Copy the lines below, please, starting with the one that contains "Escatología bíblica parte" and ending with the last. Pictures stay out.

··· Supplied records

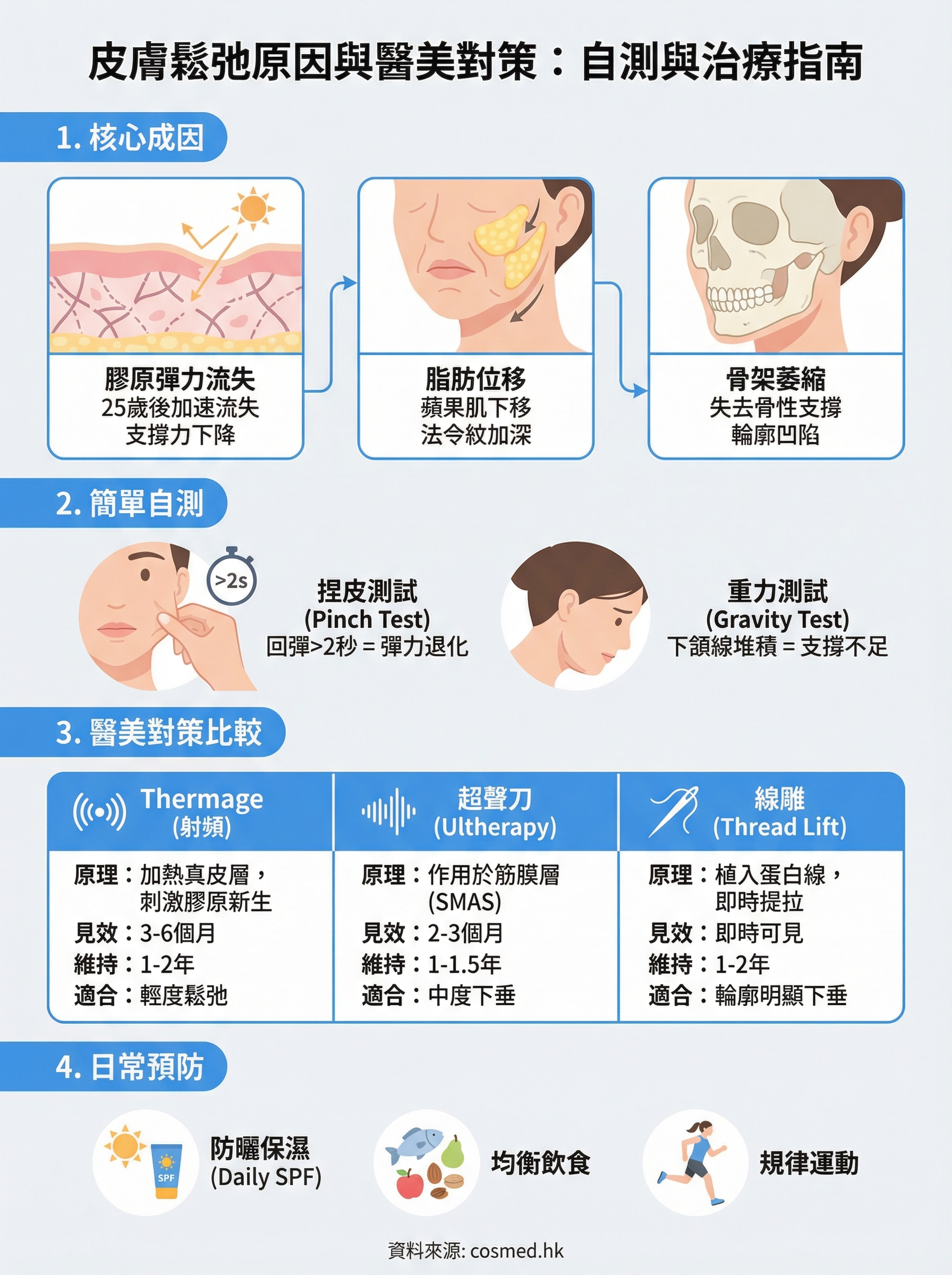 皮膚鬆弛原因 infographic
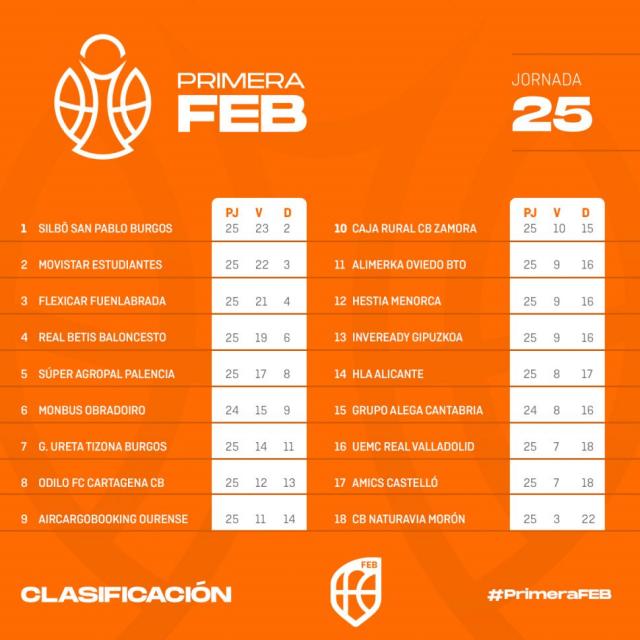 Primera FEB: Estudiantes y Gipuzkoa con los duelos de la jornada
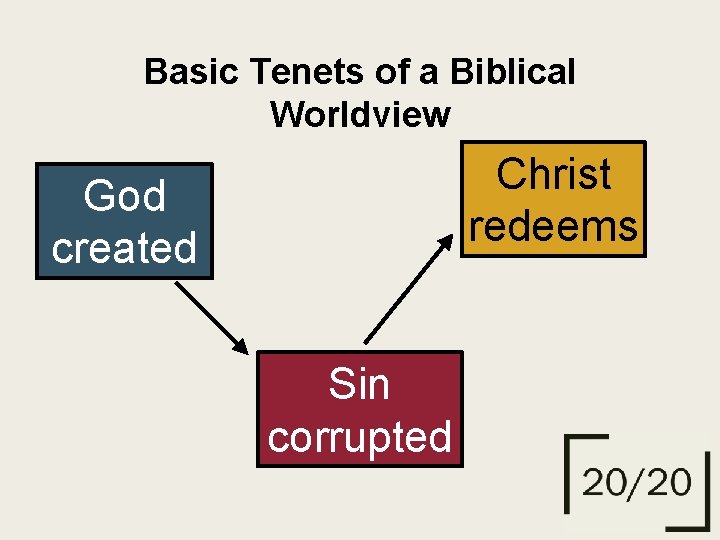 Basic Tenets of a Biblical Worldview Christ redeems God created Sin corrupted 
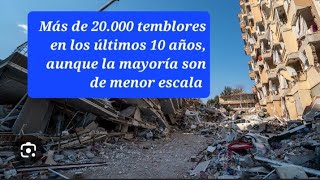 Escatología bíblica parte 3 Terremotos Causas físicas y espirituales Clases Estadísticas [upl. by Osicran]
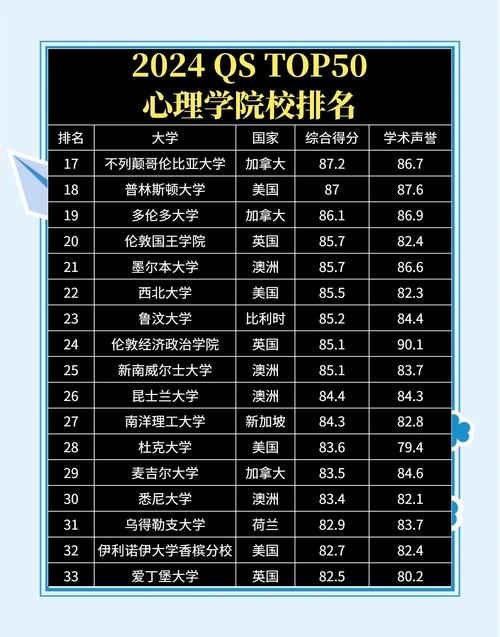 基础心理学选校，哪些学校实力强？-图3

······

• **Solution below**
 Escatología bíblica parte 3 Terremotos Causas físicas y espirituales Clases Estadísticas [upl. by Osicran]
 基础心理学选校，哪些学校实力强？-图3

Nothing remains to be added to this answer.